Carcinogenesis: Carcinogenicity studies with letermovir have not been conducted.
Mutagenesis: Letermovir was not genotoxic in a battery of in vitro or in vivo assays, including microbial mutagenesis assays, chromosomal aberration in Chinese Hamster Ovary cells, and in an in vivo mouse micronucleus study.
Reproduction: In the fertility and early embryonic development studies in the rat, there were no effects of letermovir on female fertility at the highest dose tested, 240 mg/kg/day (approximately 5-fold the AUC in humans at the RHD). In male rats, reduced sperm concentration, reduced sperm motility, and decreased fertility were observed at systemic exposures ≥ 3-fold the AUC in humans at the RHD [see previously mentioned Animal Toxicoloy: General Toxicity].
In male mice, there were no effects on testicular toxicity by histopathologic evaluation at systemic exposures approximately 4-fold the AUC in humans at the RHD.
In a study dedicated to investigate effects on the male reproductive system of mature monkeys administered letermovir, there was no evidence of testicular toxicity based on histopathologic evaluation, measurement of testicular size, blood hormone analysis (follicle stimulating hormone, inhibin B and testosterone) and sperm evaluation (sperm count, motility and morphology) at systemic exposures approximately 2-fold the AUC in humans at the RHD.

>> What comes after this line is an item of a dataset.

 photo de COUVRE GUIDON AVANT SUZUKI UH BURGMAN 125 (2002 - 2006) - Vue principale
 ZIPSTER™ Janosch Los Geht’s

Development: Letermovir was administered orally to pregnant rats at 0, 10, 50 or 250 mg/kg/day from gestation days 6 to 17. Maternal toxicity (including decrease in body weight gain) was noted at 250 mg/kg/day (approximately 11-fold the AUC at the RHD); in the offspring, decreased fetal weight with delayed ossification, slightly edematous fetuses, and increased incidence of shortened umbilical cords and of variations and malformations in the vertebrae, ribs, and pelvis were observed. No maternal or developmental effects were noted at the dose of 50 mg/kg/day (approximately 2.5-fold the AUC at the RHD).

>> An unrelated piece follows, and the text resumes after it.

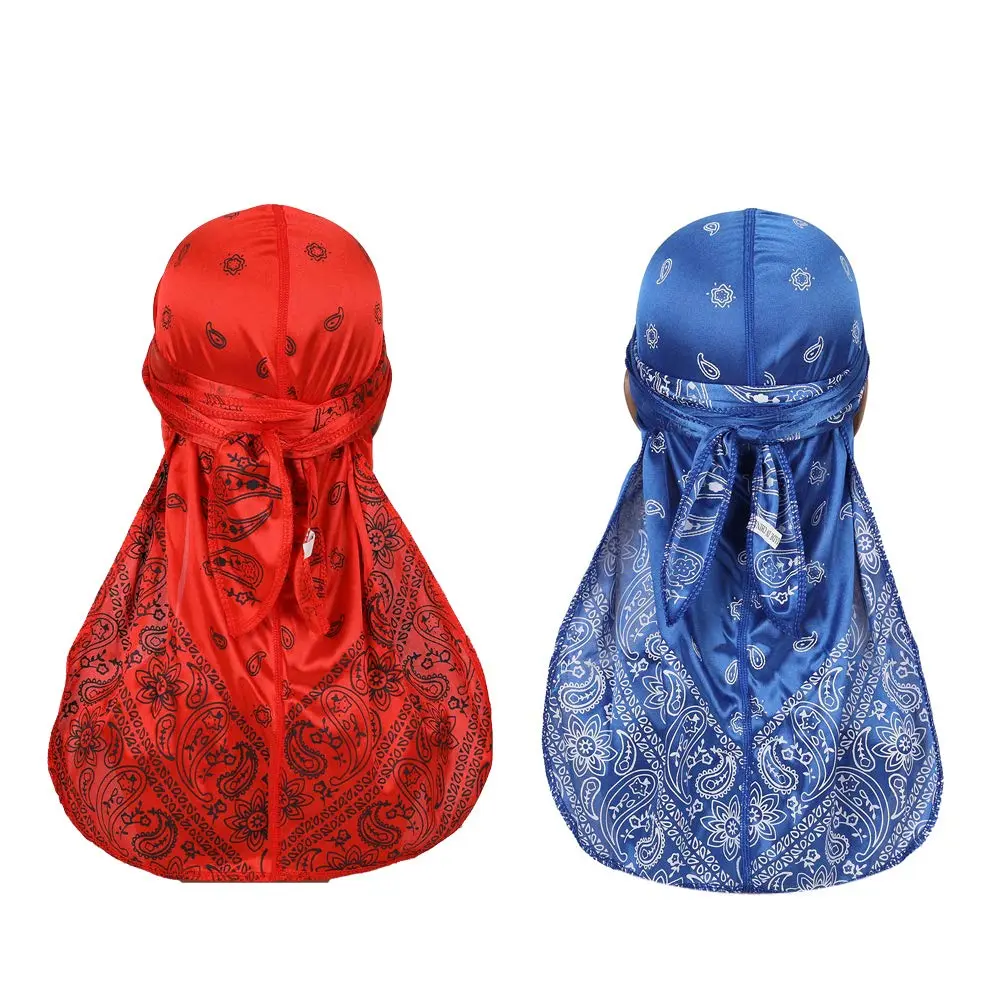 Blue,red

Letermovir was administered orally to pregnant rabbits at 0, 25, 75 or 225 mg/kg/day from gestation days 6 to 20. Maternal toxicity (including mortality and abortions) was noted at 225 mg/kg/day (approximately 2-fold the AUC at the RHD); in the offspring, an increased incidence of malformations and variations in the vertebrae and ribs were observed. No maternal or developmental effects were noted at the dose of 75 mg/kg/day (at less than the AUC at the RHD).
In the pre- and post-natal developmental study, letermovir was administered orally to pregnant rats at 0, 10, 45 or 180 mg/kg/day from gestation day 6 to lactation day 22. There was no developmental toxicity observed up to the highest exposure tested (2-fold the AUC at the RHD).